BENGALURU (Reuters) - Gold prices touched their highest in four weeks on Monday, supported by political uncertainty in the United States that pushed the dollar to its lowest in over a year.
The dollar struggled near a 13-month low against a basket of major currencies as U.S. political woes dampened hopes for quick passage of Trump's stimulus and tax reform agendas.
A weaker greenback makes dollar-denominated gold less expensive for holders of other currencies, while the metal is also used as an alternative investment during times of political and financial uncertainty.

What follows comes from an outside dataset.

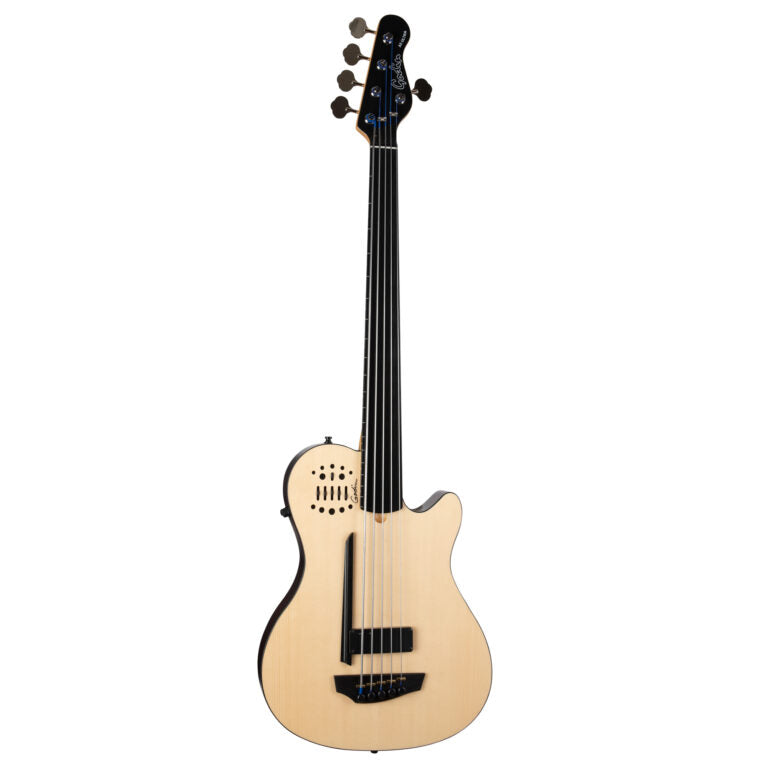 Godin A5 Ultra Natural Fretless A/E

"I think people are getting more nervous and careful about what is going to happen (in terms of the controversies surrounding the administration of U.S. President Donald Trump)," said Yuichi Ikemizu, Tokyo branch manager at ICBC Standard Bank.

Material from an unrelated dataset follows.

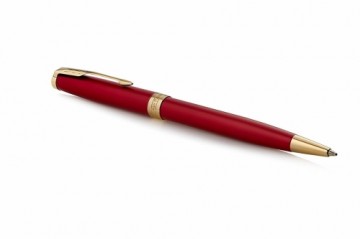 Шариковая ручка Parker Sonnet Красный GT 0,7 мм черный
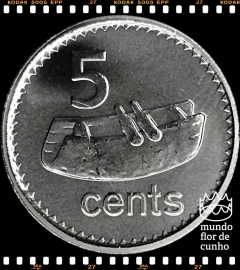 Km 119 Fiji, Ilhas 5 Cents (Nós Temos Mais de Uma Data # Favor Escolher uma Data Abaixo e o Estado de Conservação) 2009 2010 © na internet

"The market is expected to be quiet heading into the summer holidays in Asia, but if it moves at all, it'll move to the upside rather than the downside."

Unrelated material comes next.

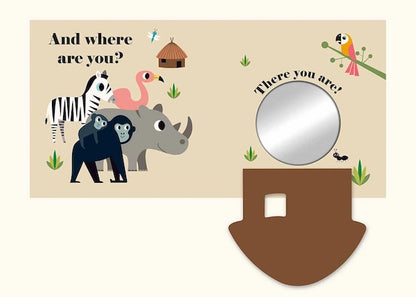 Where's Mrs Zebra? (Felt Flaps and Mirror)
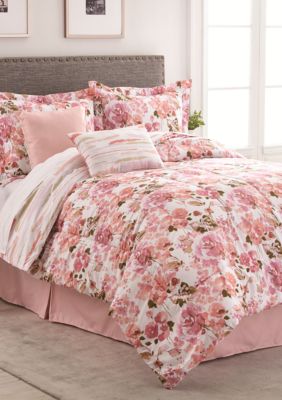 Home Accents® Flamingo 6-Piece Bed-In-A-Bag | belk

Spot gold was nearly flat at $1,254.31 per ounce at 0346 GMT. It earlier hit a 4-week high of $1,257.18 an ounce, having risen 2.1 percent last week.
U.S. gold futures for August delivery were also nearly unchanged at $1,254.70 per ounce
"We would expect that gold will continue to find friends on dips now as we head into a packed Central Bank and data week," said Jeffrey Halley, a senior market analyst at OANDA.
Spot gold may peak around resistance at $1,261 per ounce, as suggested by a Fibonacci retracement analysis, a rising channel, and the hourly relative strength index, according to Reuters technical analyst Wang Tao.
Hedge funds and money managers increased their net long position in COMEX gold for the first time in six weeks in the week to July 18, U.S. Commodity Futures Trading Commission data showed on Friday.
Meanwhile, gold demand in Asia eroded last week due to higher prices, with a seasonal slowdown denting the lure for the precious metal in second-biggest consumer India.
In other precious metals, silver prices fell 0.3 percent to $16.42 per ounce, after earlier hitting their highest since July 3 at $16.53. The metal rose 3.26 percent last week, its biggest weekly gain since early January.
Platinum dropped 0.4 percent to $929.40 per ounce. It climbed nearly 2 percent last week in its largest weekly gain since mid-May.
Palladium eased 0.2 percent to $843.08 per ounce, after falling 1.5 percent last week.